In his timeless solo concerts, Jarrett displays the uncanny ability to drop himself into a piece of improvised music as if it has been playing invisibly in the ether all along, requiring him only to pick up from whichever measure he encounters and leave the music to continue on after he has left the stage. This album predates Jarrett’s Köln concert by just two years and was the one that really put him on the map before that legendary successor. Yet we cannot simply say that Jarrett is channeling the cosmos and leave it at that, for he inhabits a melodic space that is tangible, his own. Though filed under jazz, this music is something far more than any generic summary could express. Still, I persist in trying.

The work in Bremen feels to me like travel. In Part I, we run through many modes of transportation: from air to earth to rail, we are given a glimpse of new places and spaces (both inner and outer). We don’t so much physically as emotionally go there, feeling our way through unfamiliar territory as if it were our very home. Part II has a more decidedly gospel feel to it, rushing headlong into an ecstatic communion. For nearly 45 minutes, Jarrett manages to ride a wave of endless creative fervor as if every moment were not the last, but the first. Just then, halfway through, the mood darkens. Until now we have been heading for the sun when suddenly we are looking back to the earth, thinking of all that we would miss: the sensation of water trickling through our fingers, kisses upon our children’s foreheads, the rustling of wind blowing through our back yards. With a mere gathering of notes, Jarrett manages to imagine a lifetime’s worth of memories, departing at last with an exultant resignation, perhaps even rebirth.

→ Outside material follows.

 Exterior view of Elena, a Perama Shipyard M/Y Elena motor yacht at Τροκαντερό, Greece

Lausanne, on the other hand, crosses the previous series of vertical strokes with horizontal ones. Every time Jarrett slips into another intersection, he locks himself into a new idea until its beauty becomes too much for him and he must move on. “Transcendent” doesn’t even begin to describe the effect, for it is also confrontational, painful, and transportative. For the latter portion of the Lausanne solo, Jarrett ventures inside the piano, slapping and plucking his way through a percussive and surreal call-and-response and, eventually, a frenzied fade into silence.

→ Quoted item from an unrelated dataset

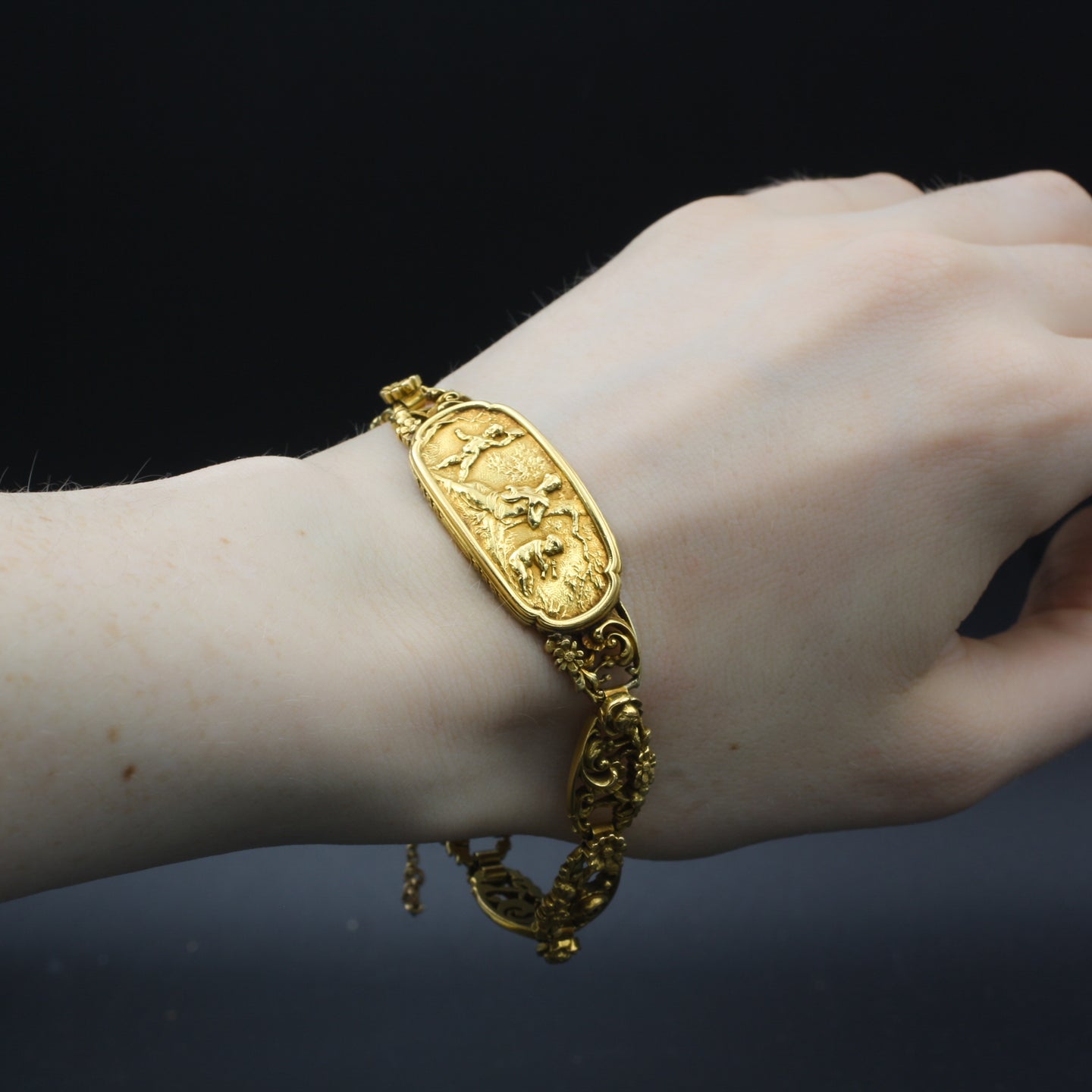 louis bracelet womens 18k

Of all of Jarrett’s solo piano recordings, I love the sound of this piano over the rest. Whatever instrument he is playing here seems to let go of any and all inhibitions in his presence and shines steadily like a planet in its higher regions. Jarrett plays with unparalleled diction. Like any great orator, he means to ensure that we understand every word through his delivery, and for that he has chosen the perfect mouthpiece.